● **DATA TO EXAMINE**
::::::::
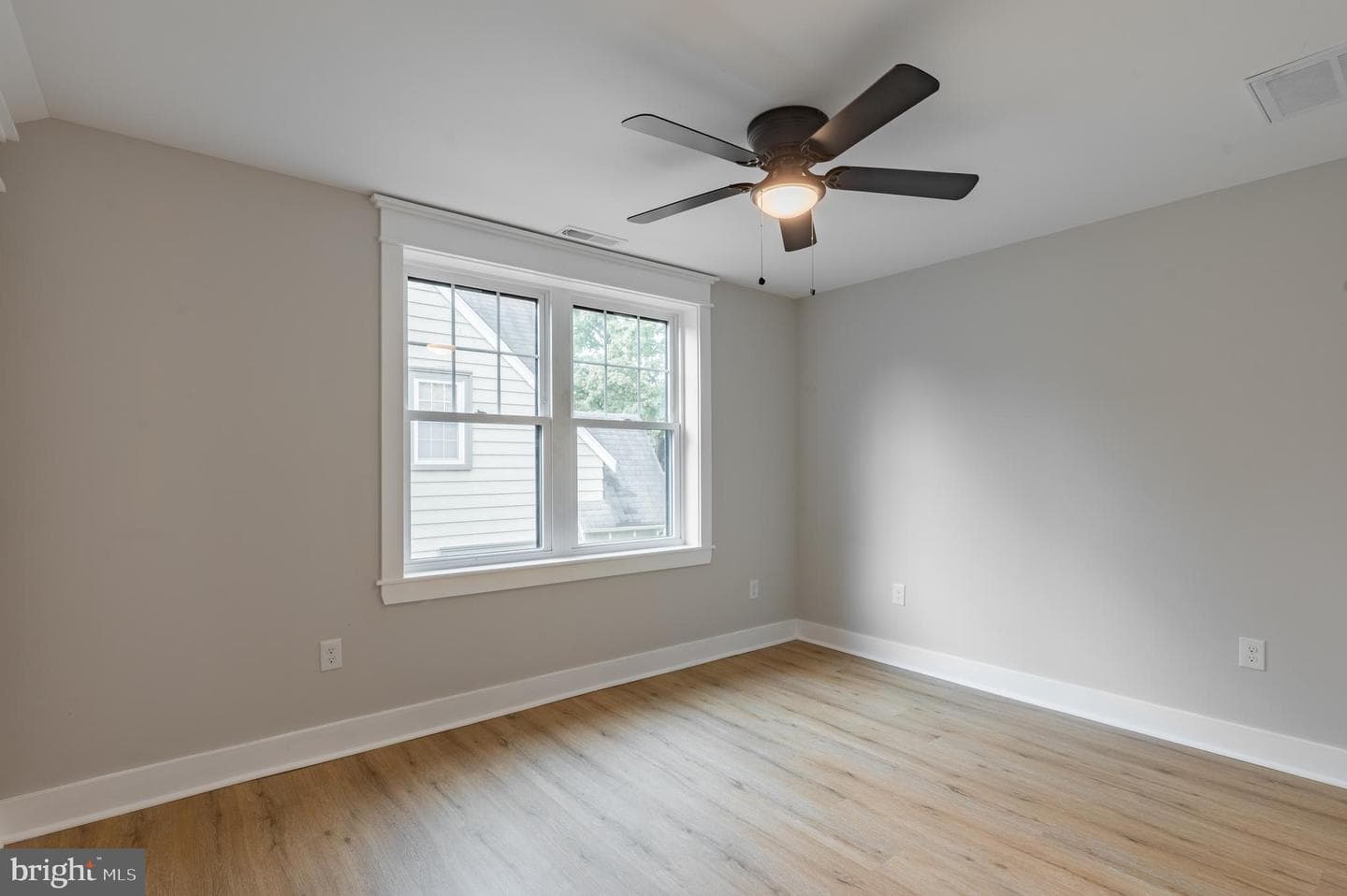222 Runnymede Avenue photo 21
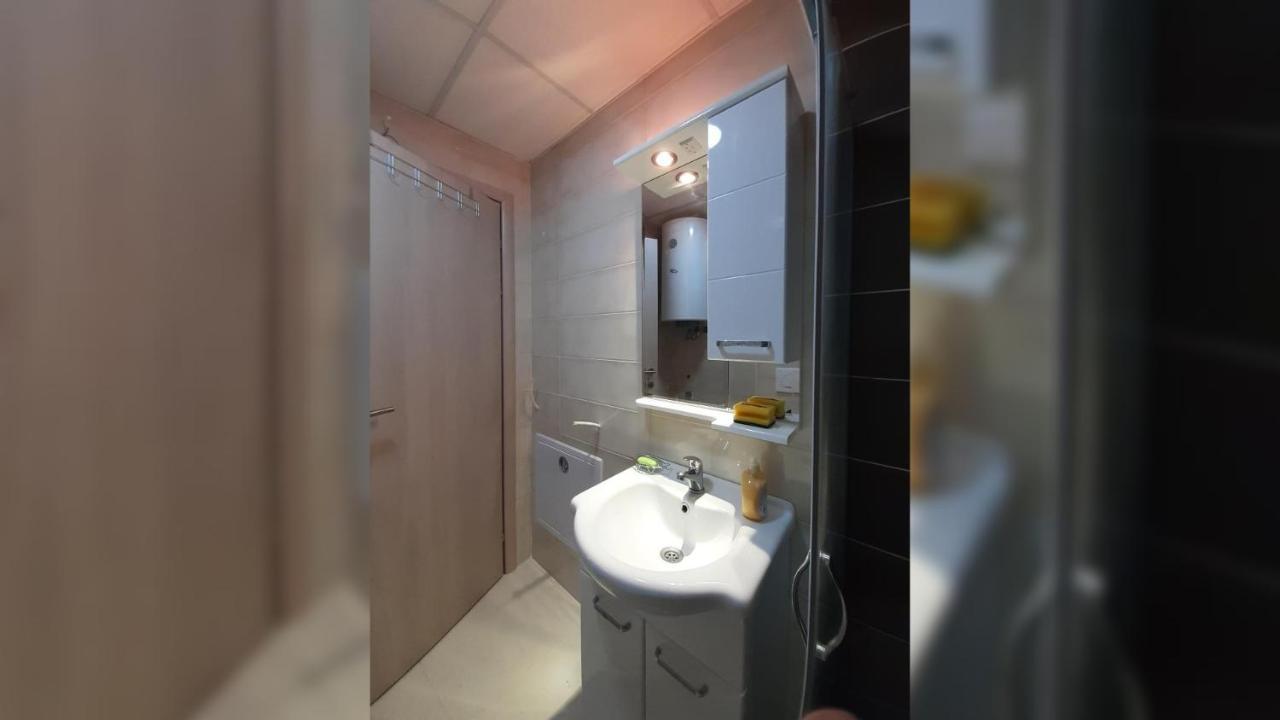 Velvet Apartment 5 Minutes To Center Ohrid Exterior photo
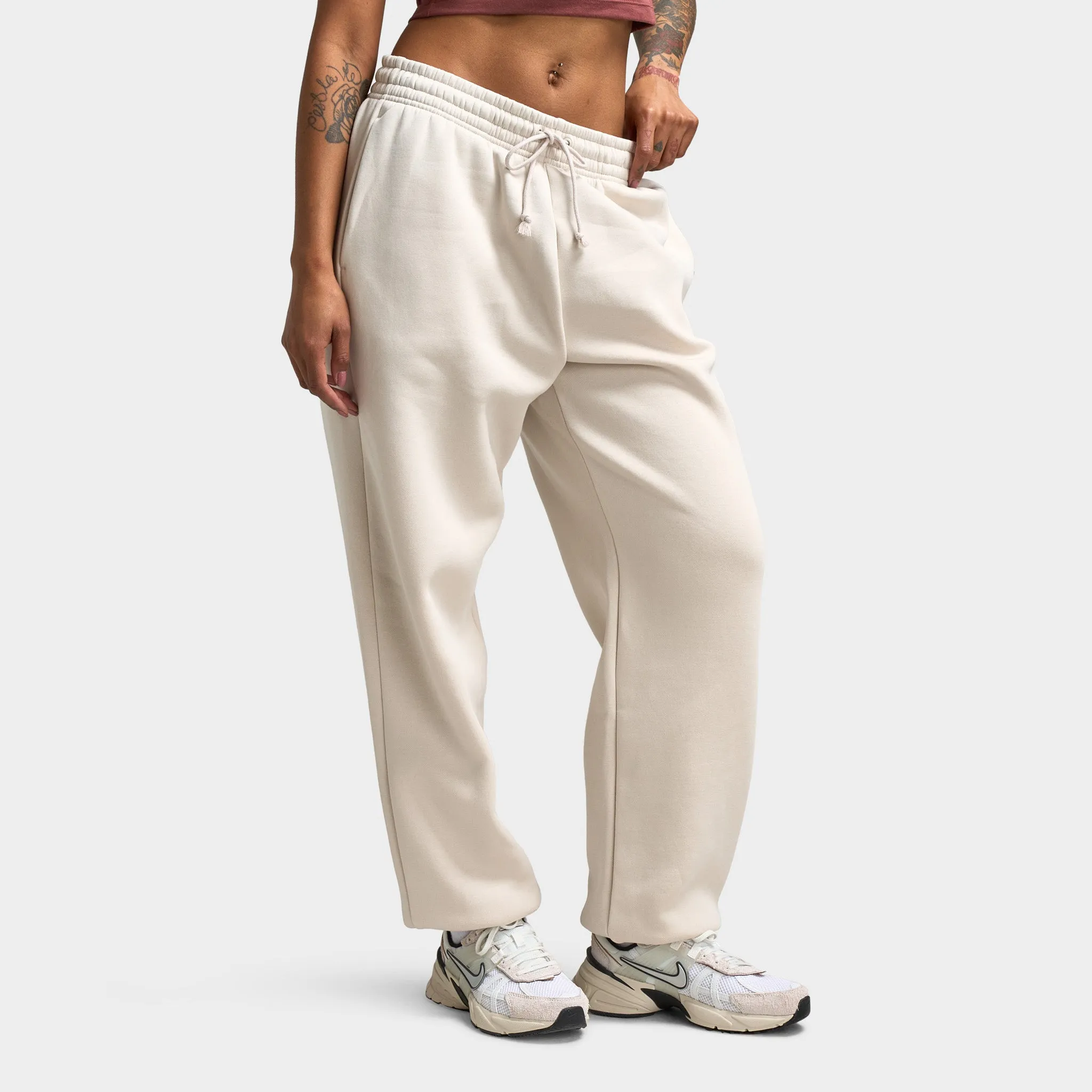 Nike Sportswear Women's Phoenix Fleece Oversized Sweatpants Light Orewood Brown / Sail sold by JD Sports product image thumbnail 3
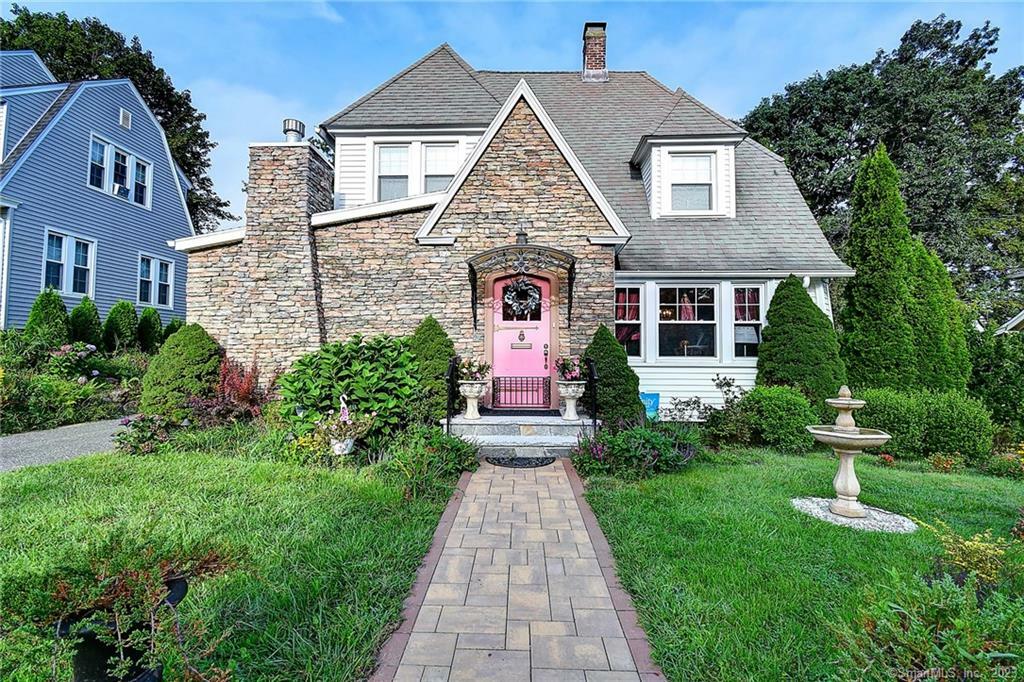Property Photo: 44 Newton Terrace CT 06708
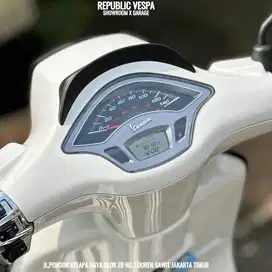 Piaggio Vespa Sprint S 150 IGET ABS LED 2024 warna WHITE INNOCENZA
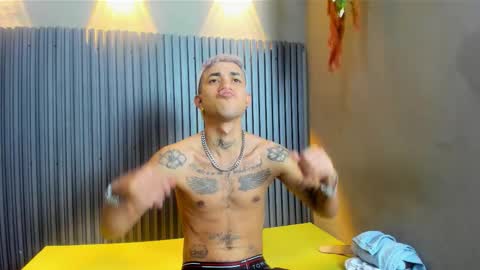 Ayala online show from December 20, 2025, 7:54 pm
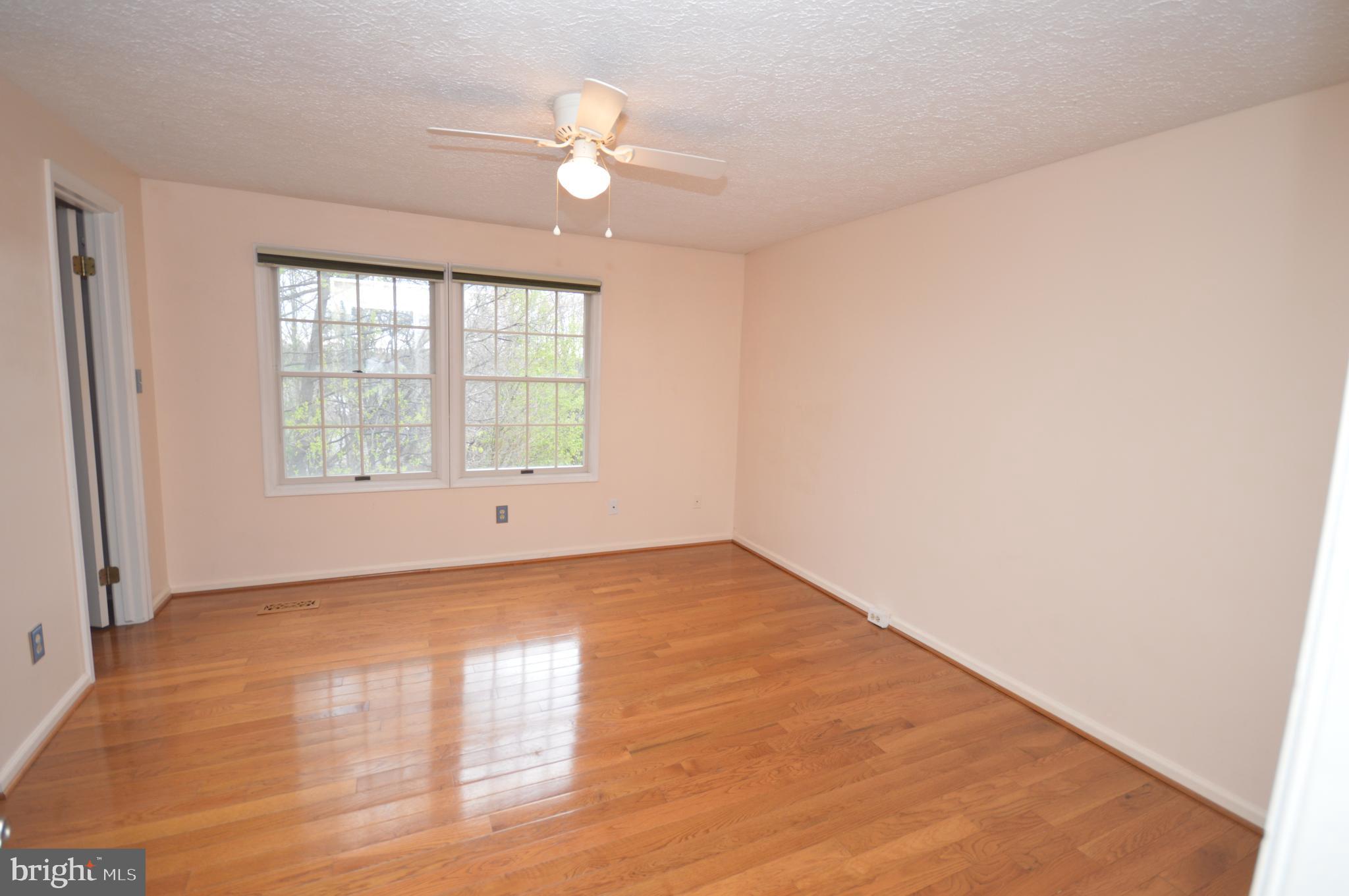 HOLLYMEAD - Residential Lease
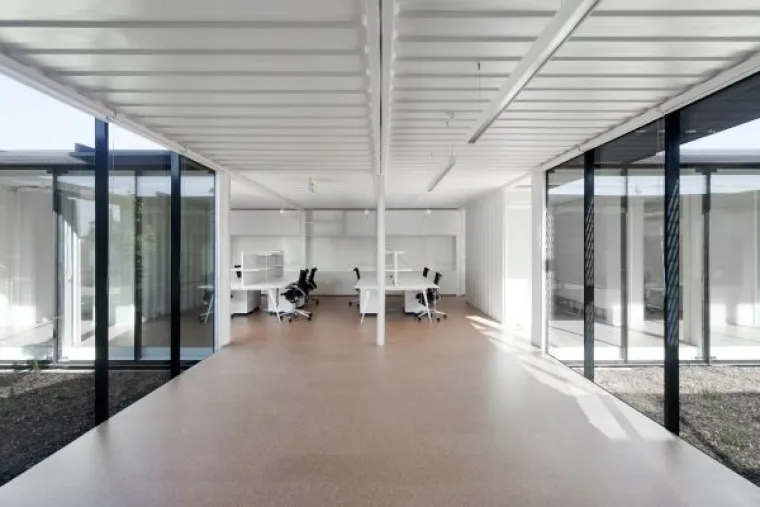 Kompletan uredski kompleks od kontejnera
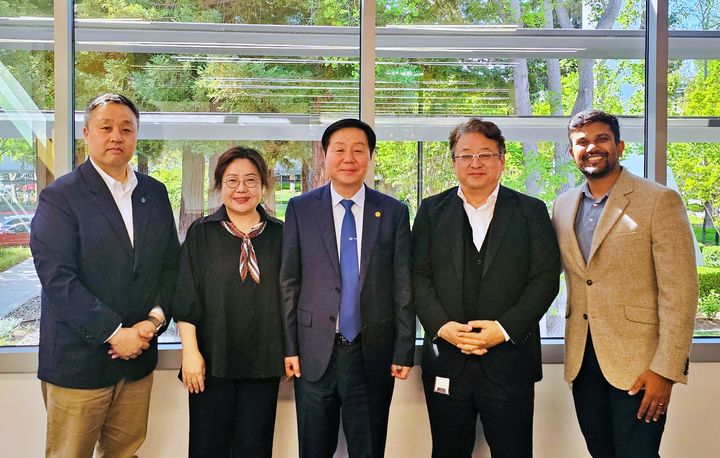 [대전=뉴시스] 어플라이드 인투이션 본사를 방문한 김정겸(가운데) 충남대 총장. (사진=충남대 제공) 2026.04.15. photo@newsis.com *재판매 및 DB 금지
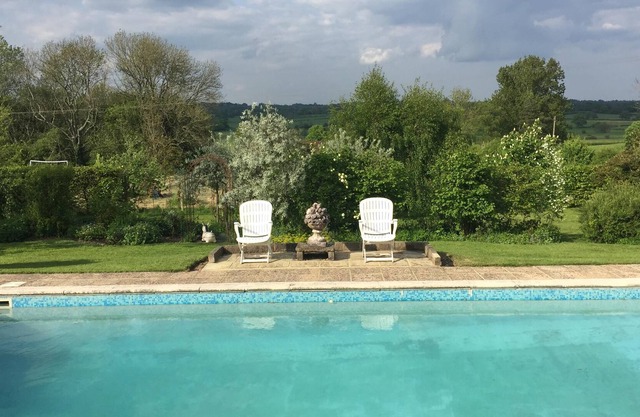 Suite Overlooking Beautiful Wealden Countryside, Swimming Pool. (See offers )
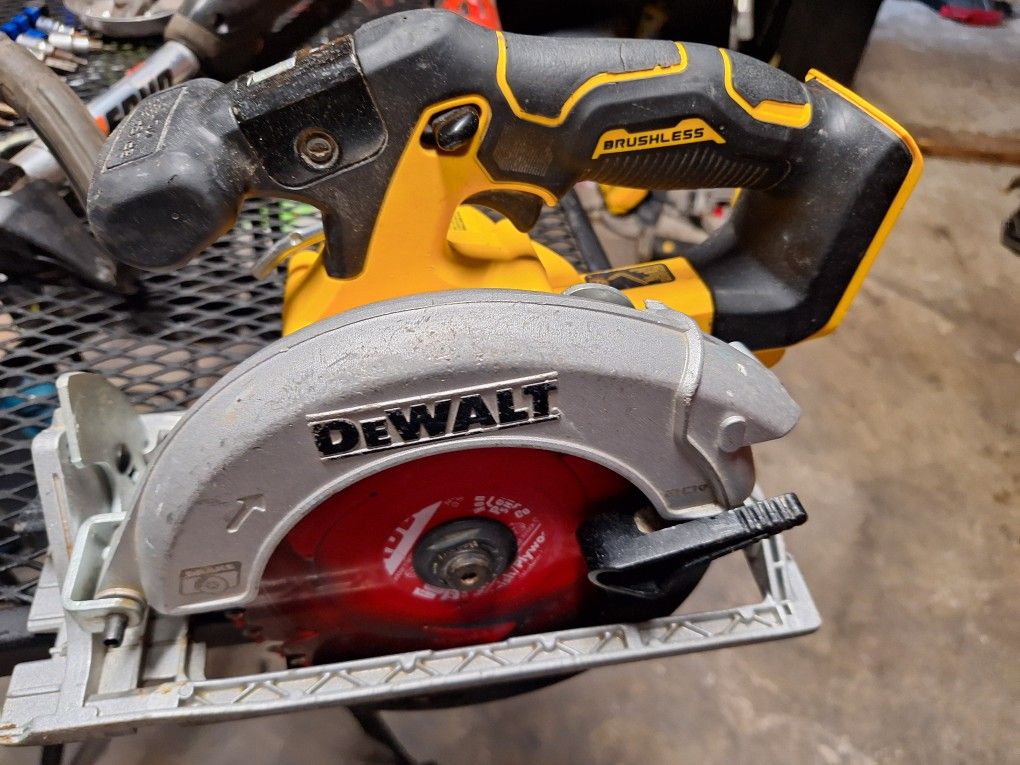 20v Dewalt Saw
::::::::
● **TASK DESCRIPTION**
Could you write out again, exactly, the lines from the line containing "Kompletan uredski kompleks od kontejnera" through the last line of the records above? Leave out the pictures.

● **SOLUTION TO THE PROBLEM**
 Kompletan uredski kompleks od kontejnera
 [대전=뉴시스] 어플라이드 인투이션 본사를 방문한 김정겸(가운데) 충남대 총장. (사진=충남대 제공) 2026.04.15. photo@newsis.com *재판매 및 DB 금지
 Suite Overlooking Beautiful Wealden Countryside, Swimming Pool. (See offers )
 20v Dewalt Saw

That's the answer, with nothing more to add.